David Eby and the NDP Acknowledge Problems with the Current Judicial System When it Comes to ICBC Claims

David Eby and the NDP Acknowledge Problems with the Current Judicial System When it Comes to ICBC Claims

It’s nice to see that David Eby is acknowledging that the court backlogs for ICBC claims is unacceptable.


Naturally, he blames the COVID-19 shutdown for the backlog but does not acknowledge that ICBC has any blame for this problem. This failure to acknowledge ICBC as the root cause of the problem exemplifies how David Eby and the NDP government are clearly one-sided in favour of ICBC when it comes to any political decisions.

The latest recommendation from David Eby is to put civil jury trials on hold until there is a substantial change in the COVID-19 pandemic. He’s quite right that the social distancing rules put in by his government make jury trials nearly impossible. For starters, how does one keep the jury members 6 feet apart? How do you have less than 50 people in the courthouse when jury selection is happening?

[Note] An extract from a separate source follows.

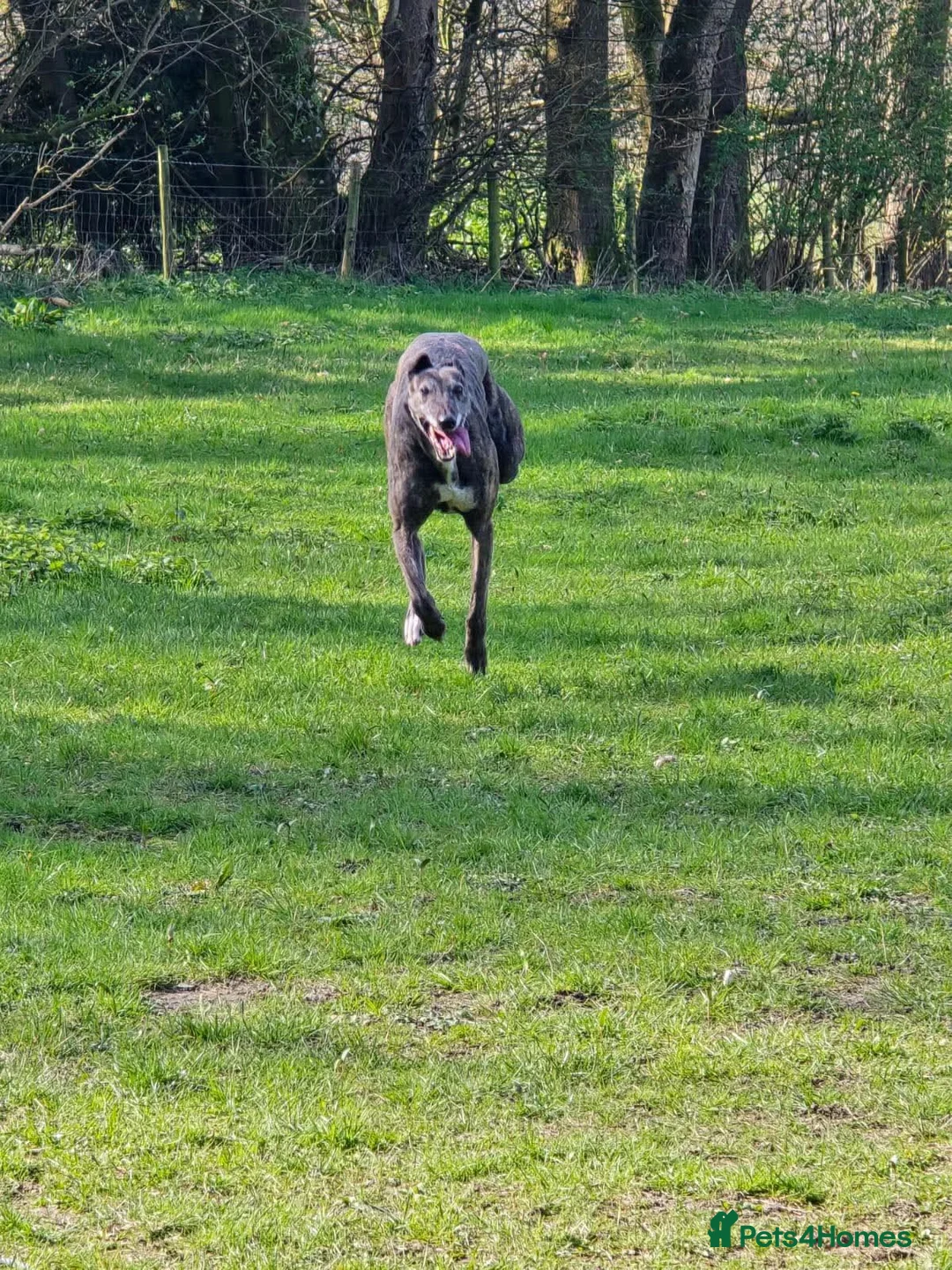 Greyhound dogs for adoption: Cass  in Shaftesbury - Advert 1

What Mr. Eby and ICBC does not mention is that in actual fact, it is ICBC that is driving the jury system. While statistics are not available, I would not be surprised if 95% of all the civil jury trials proceeding in the Province of British Columbia are on the request of ICBC. That is, ICBC uses jury trials because they are hoping that the jury members will be influenced by the public announcements of high premiums created by lawyers and injured parties to basically award a low dollar amount. Also, because jury trials are unpredictable, it gives them a tactical advantage simply because they can afford to lose and can afford to appeal a bad decision whereas most injured victims cannot.

This is akin to professional bullying where you have a large entity with unlimited resources throwing up roadblocks and defences on a file versus the little guy who was the victim of a car crash.

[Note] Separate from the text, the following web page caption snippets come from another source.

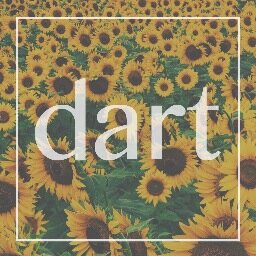 dartsound's profile picture. experimental | nostalgic soul | good vibrations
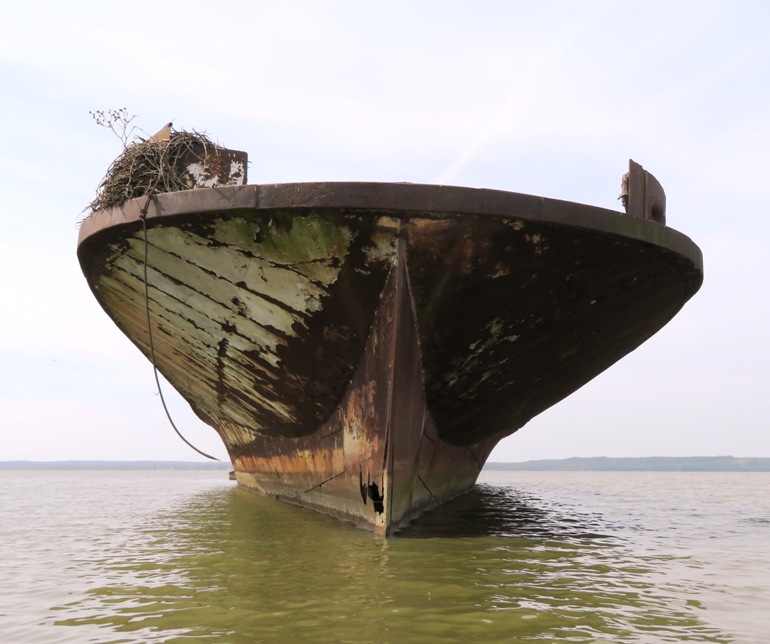 Front view showing hole on the starboard side just above the waterline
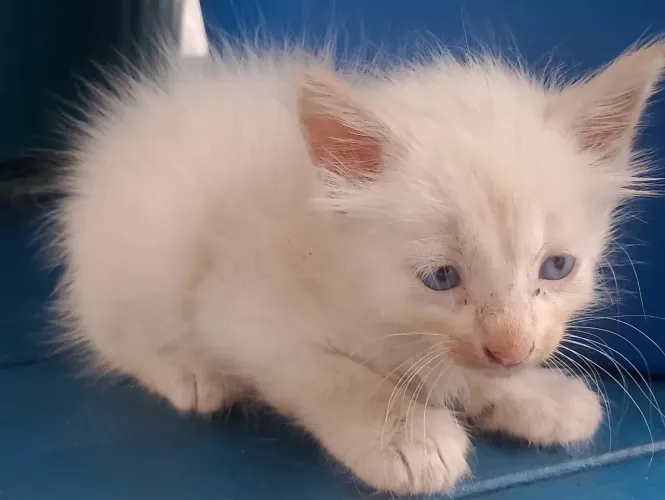 Gatinhos para adoção responsável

Rather than getting into a public debate about jury trials, all David Eby has to do is pick up the telephone and call his colleagues at ICBC and announce that ICBC, effective immediately, can no longer file jury notices. This would basically eliminate the problem with jury trials and the worry over the COVID-19 pandemic requirements. It also streamlines the court system because we all know that judge alone trials take a lot less time than a jury trial and are much more certain, resulting in both parties being more realistic in settlement discussions before trial.

So Mr. Eby, if you’re listening, pick up the phone and mandate ICBC to drop their jury notices forthwith. You’ll save a lot of court time not to mention you will force ICBC to save millions of dollars on legal costs spent unnecessarily pursuing jury trials.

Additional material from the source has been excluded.